(Scraped caption text data)
________
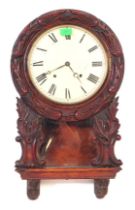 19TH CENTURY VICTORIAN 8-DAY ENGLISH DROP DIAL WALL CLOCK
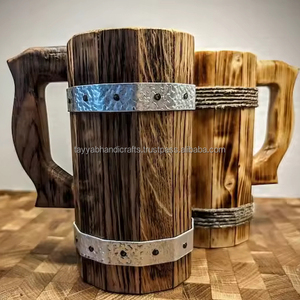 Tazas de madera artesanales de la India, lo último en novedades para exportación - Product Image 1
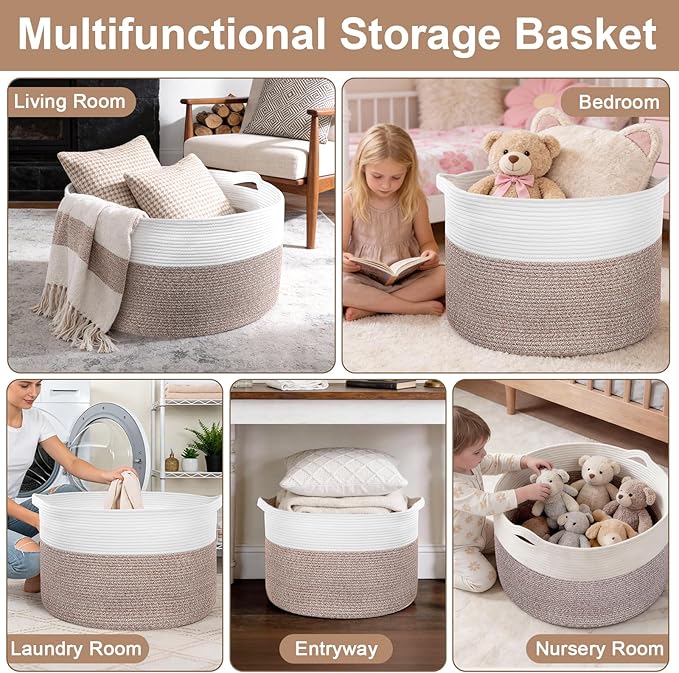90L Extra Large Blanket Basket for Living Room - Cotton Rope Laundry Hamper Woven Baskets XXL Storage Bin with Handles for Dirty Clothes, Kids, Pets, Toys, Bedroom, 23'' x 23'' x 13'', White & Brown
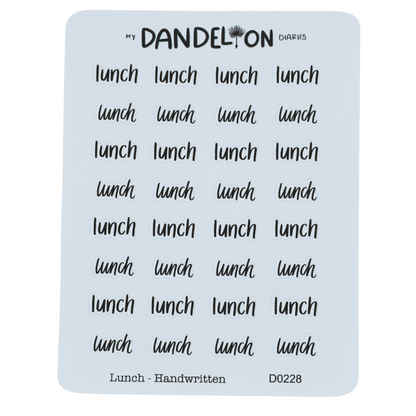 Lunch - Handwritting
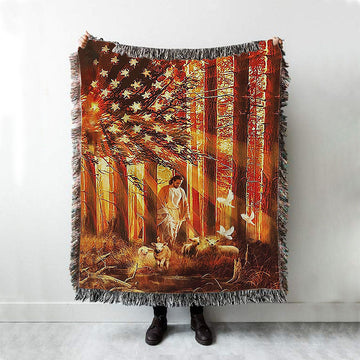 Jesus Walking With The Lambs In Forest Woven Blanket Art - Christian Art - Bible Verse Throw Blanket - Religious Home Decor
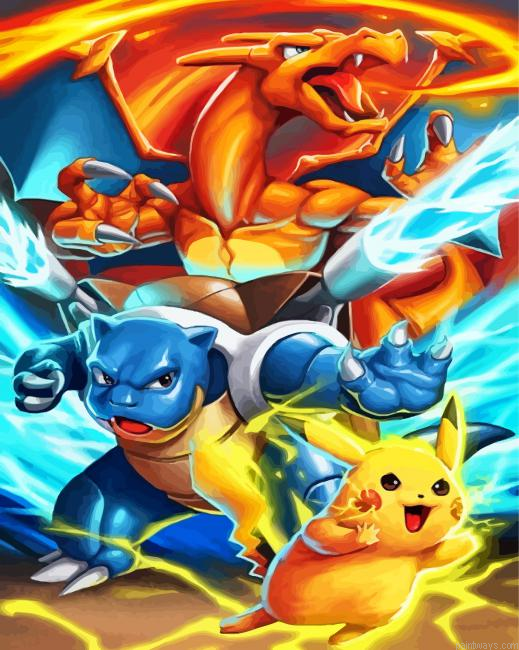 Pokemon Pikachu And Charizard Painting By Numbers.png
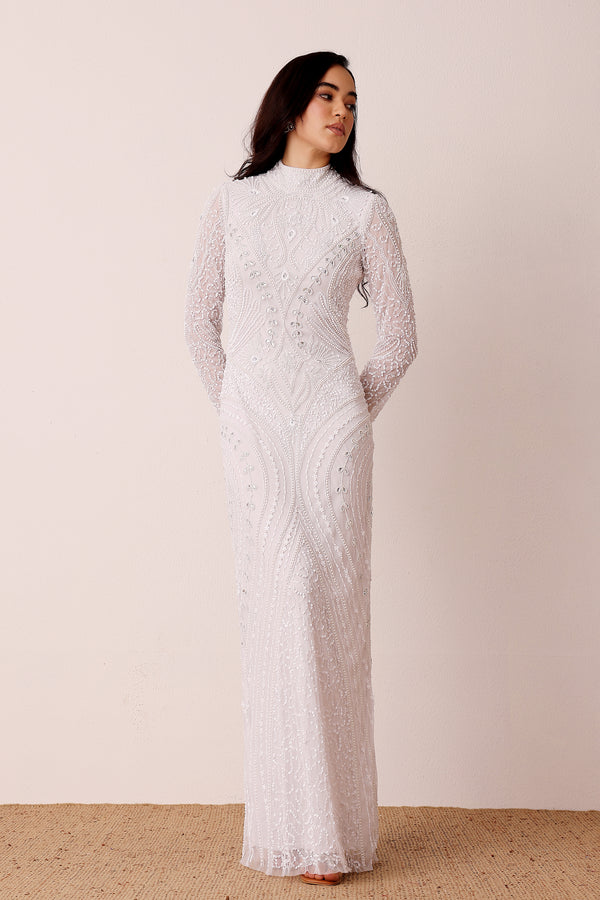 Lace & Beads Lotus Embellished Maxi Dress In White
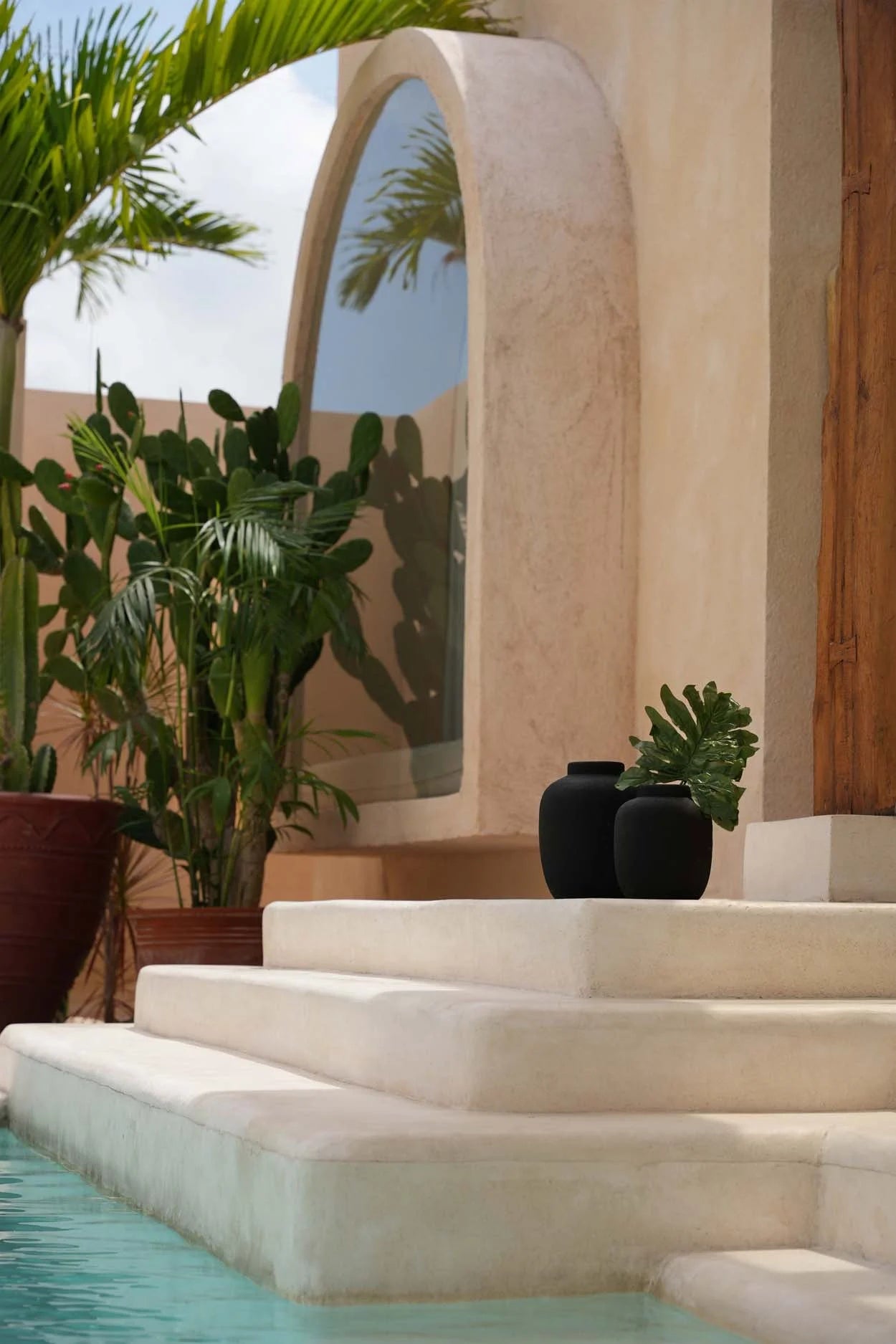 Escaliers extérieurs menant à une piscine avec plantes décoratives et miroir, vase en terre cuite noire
________
WHAT THE TASK REQUIRES: Copy back exactly the lines above from the one containing "Lunch - Handwritting" through the one containing "Lace & Beads", and leave every picture behind.

PROBLEM SOLUTION:
 Lunch - Handwritting
 Jesus Walking With The Lambs In Forest Woven Blanket Art - Christian Art - Bible Verse Throw Blanket - Religious Home Decor
 Pokemon Pikachu And Charizard Painting By Numbers.png
 Lace & Beads Lotus Embellished Maxi Dress In White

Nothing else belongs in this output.